We got option 2 and DisCon didn’t have a plan and I doubt they had a plan for any of the three scenarios not because they are incompetent but because Worldcon’s really can’t manage these kinds of PR risks easily. Now, that’s not great for Toni Weisskopf and I’ve got some sympathy for a woman whose professional profile is being impacted by shouty right-wing men. It is the situation though. Baen’s always leaned right but as we’ve seen it’s not conservative ideology in an abstract sense that is the issue per-se but a bunch of pseudo-libertarians who regard online misbehaviour and brigading as an expression of their personal freedom. Baen’s played into that, first with John Ringo and then with Larry C etc and other authors have (with less success because their core personalities don’t match) tried to play along with that approach (Hoyt, Freer, Torgersen) and other Baen authors have fallen in to back them up (Weber). That’s been a business decision by Baen and hence by Toni Weisskopf and I don’t know how they can extricate themselves as a business from it.

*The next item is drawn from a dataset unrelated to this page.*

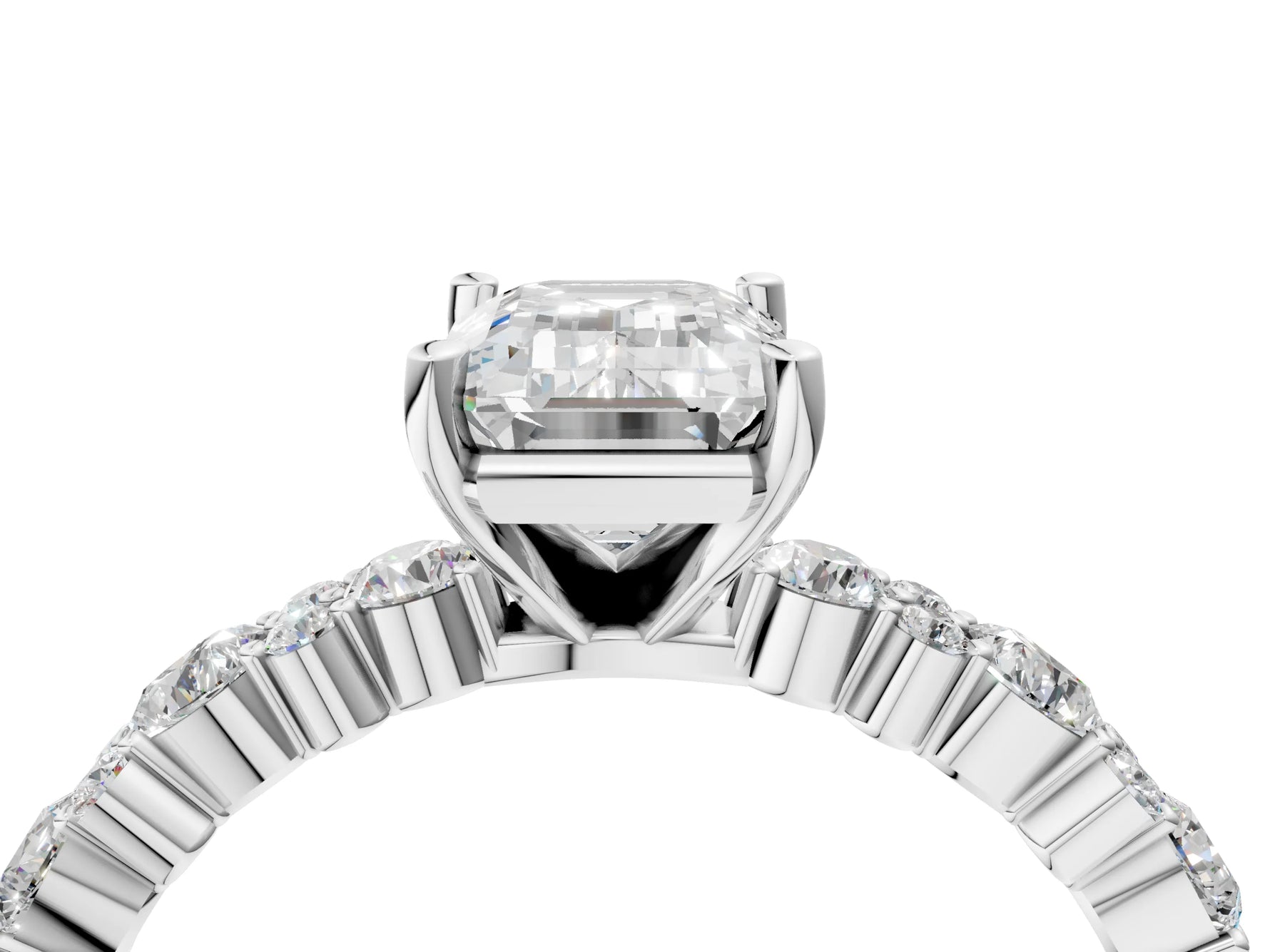 Emerald Cut Diamond Solitaire Ring in White gold with Pear and Round Cluster Band_16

Baen’s not my main point here though. As people like to say Science Fiction should take risks. However, “risk” implies that there are potentially bad outcomes. To go off on a tangent, consider Taika Waititi’s film JoJo Rabbit which had an imaginary Hitler as a comical role in a story about a family hiding a Jewish girl from the Nazis during WWII — that was a risky idea that could have gone horribly, horribly wrong. It didn’t but 1. I get why many people I know wouldn’t watch it and 2. it took a lot of skill to make it work and it still could have been a disaster.

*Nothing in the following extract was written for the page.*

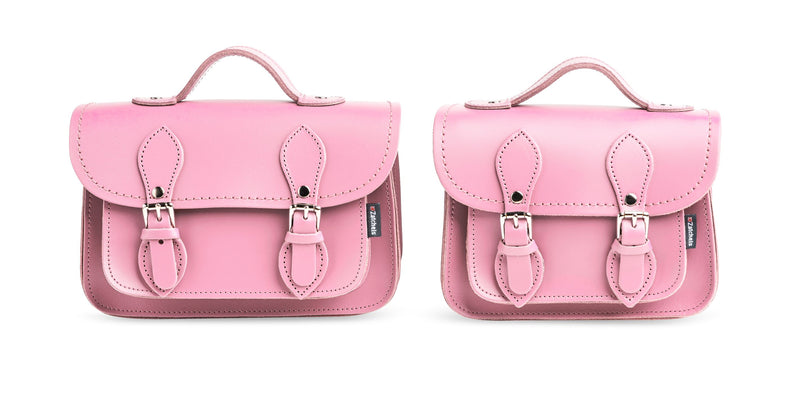 Handmade Leather Micro Satchel - Pastel Pink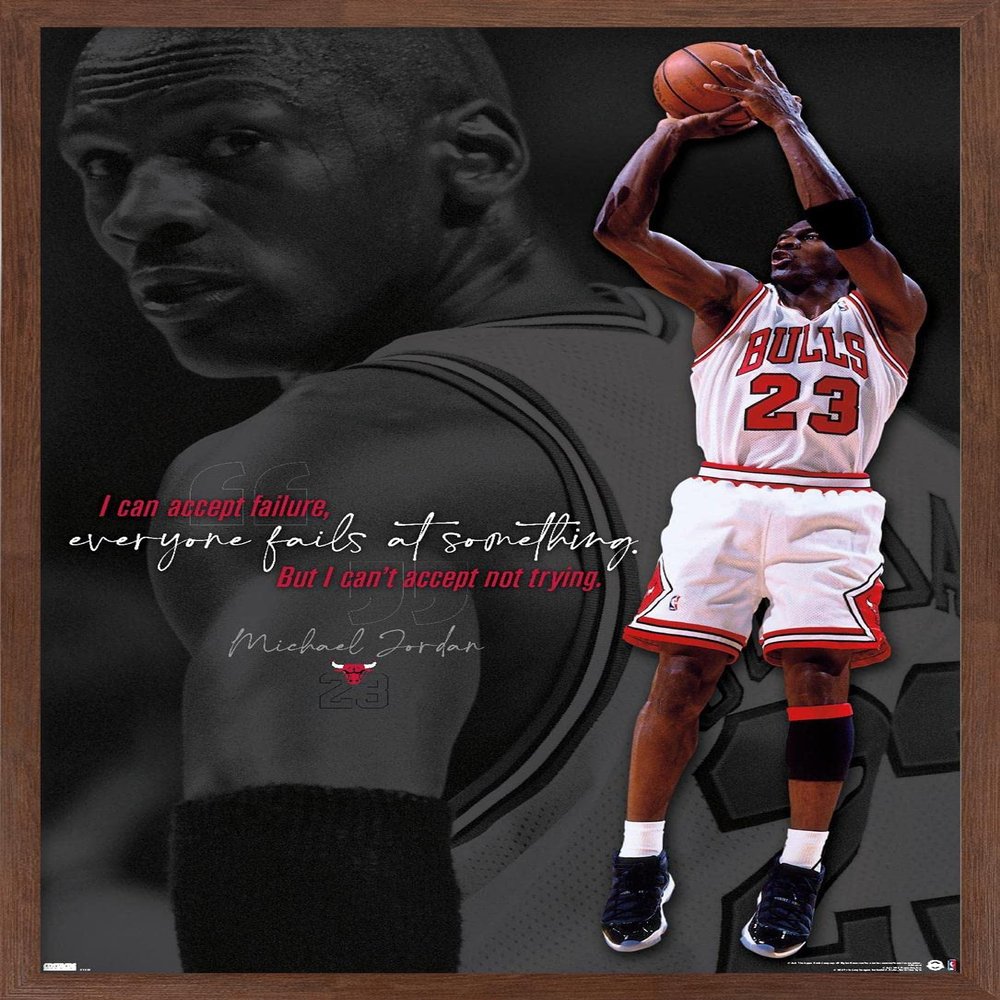 Trends International Michael Jordan - Can't Accept Not Trying Wall Poster, 22.375" x 34", Mahogany Framed Version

Risk implies possible bad consequences. A risky decision that entails no chance of bad stuff happening is a contradiction. To skip back to the earlier example of the Clarksworld story, reclaiming/subverting a right-wing transphobic meme is a bold (even laudable) idea but the obvious risk with the idea is that a story attempting to do that might end up looking like it’s endorsing a right-wing transphobic meme. That doesn’t mean Clarksworld shouldn’t take risks but what it does mean is they NEED TO PLAN FOR THE MOST OBVIOUS RISK. They didn’t, and an author got hurt.

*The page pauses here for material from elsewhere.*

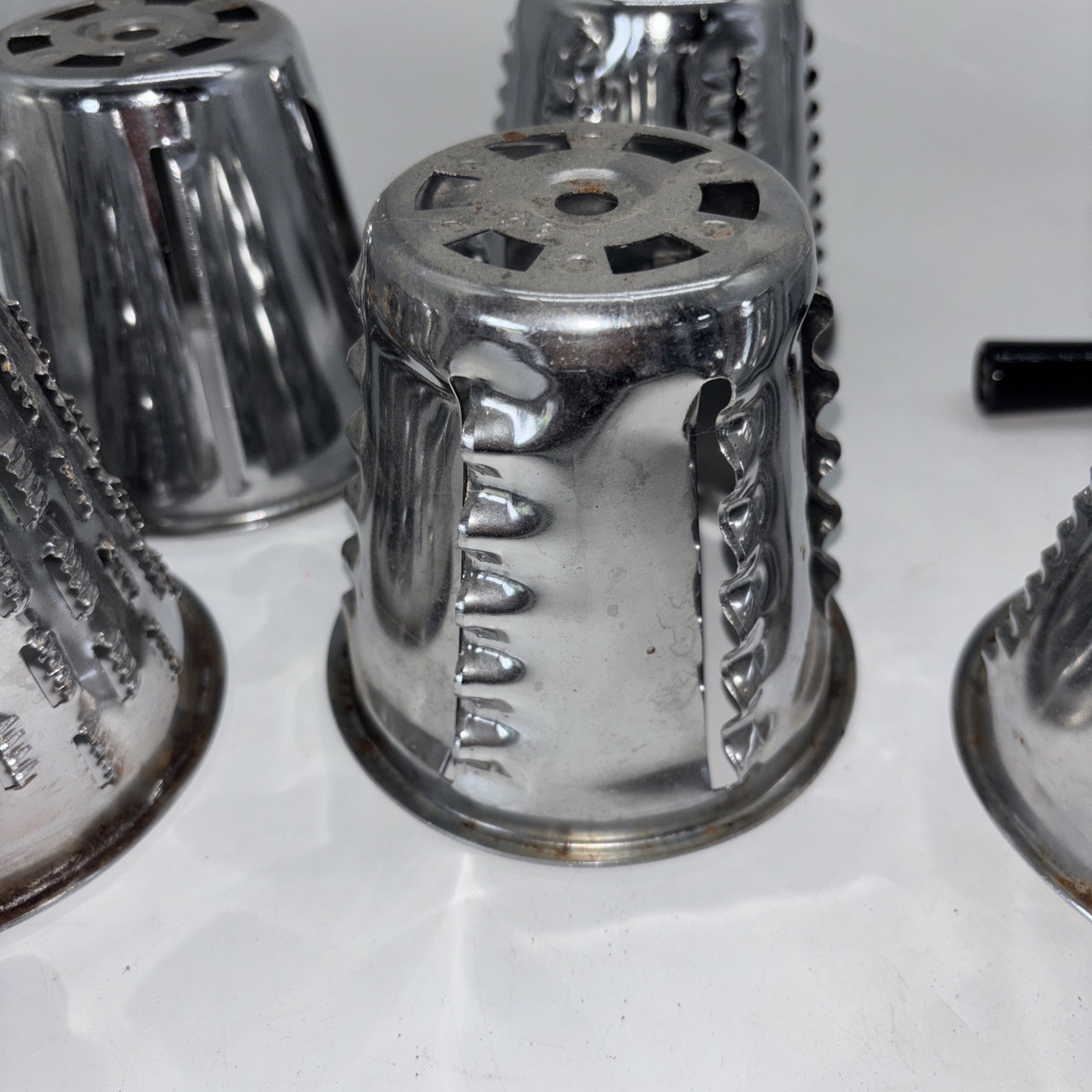 Saladmaster Stainless Steel Food Processor w/ 5 Cones MISSING BASE**** Vintage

I really, really, don’t think Toni Weisskopf should be persona non-grata for science fiction cons. I think she’d be an interesting guest but there are risks and those risks need to be managed. One of those risks is that if somebody is critical of a guest of honour then they shouldn’t find that Larry Correia is siccing his comment section on them and ringing up their employer. That’s a shitty situation for a prominent woman in professional science fiction having to shoulder the behaviour of poorly behaved man but I literally can’t see how a Worldcon committee can deal with that as an issue.